As I learned his story, I continued to steal his quotes for my own use. Even as we set in motion our own small act of code-breaking, I posted extracts from that Poe story, the one that marked for him the bewildering human propensity for metaphor. “Circumstances and a certain bias of mind,”—says the cryptographer of “The Gold Bug”, a coded persona of his inventor—“have led me to take interest in such riddles, and it may well be doubted whether human ingenuity can construct an enigma of the kind that human ingenuity may not, by proper application, resolve.” I posted this on August 21, the day after meeting Dr. Ressler for real. Although we had exchanged only a few paragraphs, my head still spun on his long, periodic sentences, the sense underneath.

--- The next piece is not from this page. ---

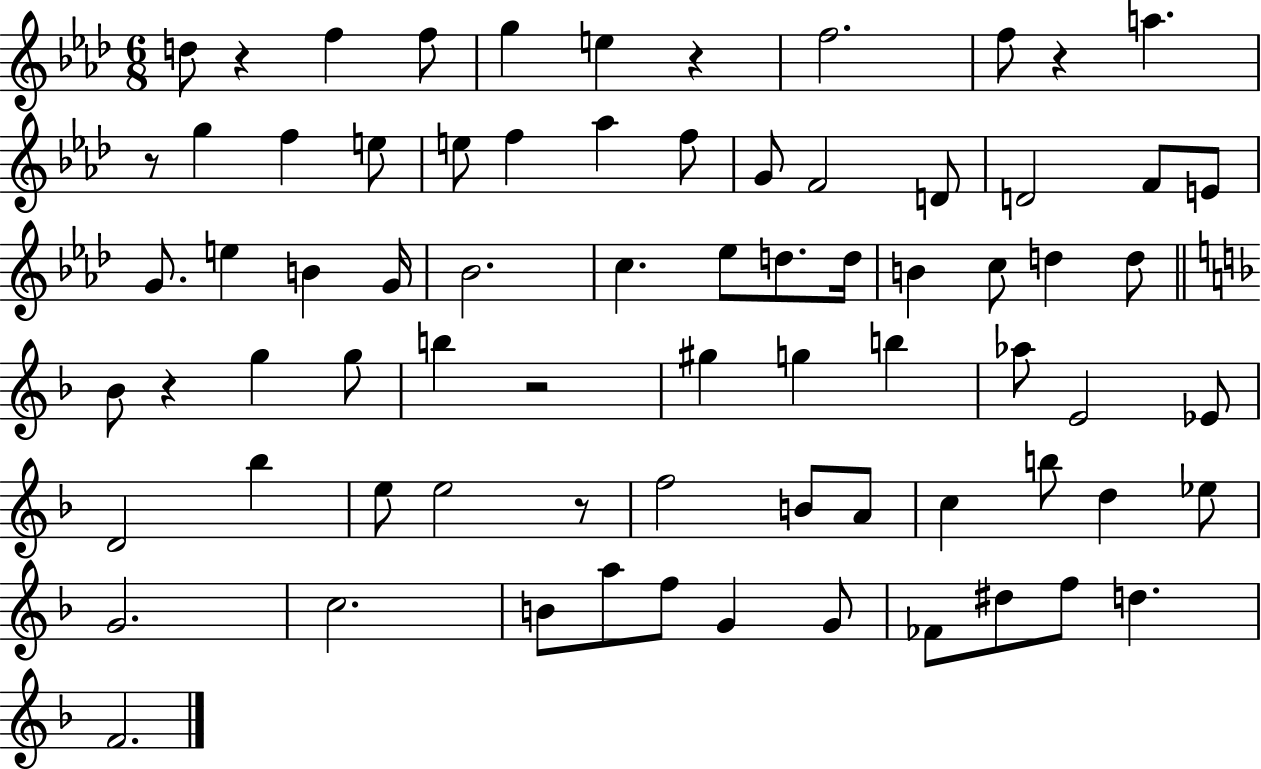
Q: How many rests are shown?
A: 7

I told Tuckwell I was going out that evening with a couple of friends who were in town. The old rot about half-truth being better than whole lies. Keith was so relieved at not having to throw our apartment open to a night of reminiscence that he didn’t even ask who the friends were. He gave me a blank check for the evening. I had the warehouse address and a standing invitation. I needed only walk a few streets from the branch and satisfy my curiosity, answer my questions for once. The nondescript reddish-brown building was flanked by two sooty, brick, cliff walls, gullies where sunlight would not shine again until all buildings fell. It was fronted on the alley side by loading docks. On the street, story-length stone-trimmed windows filled with uncooperative darkness. From the outside, it was one of those mildewed, permanently For Let places, countless late-nineteenth-century brick rectangles that I no longer noticed after my second day in the city. I thought: They’ve lost the deed to this place. No one owns it. A forgotten tract squeezed between forgotten tracts, stuffed floor to ceiling with wooden files from a hundred years ago, papers slowly ammoniating. Nothing could have been further from the truth. In bland buildings with concrete cornices, everything is decided.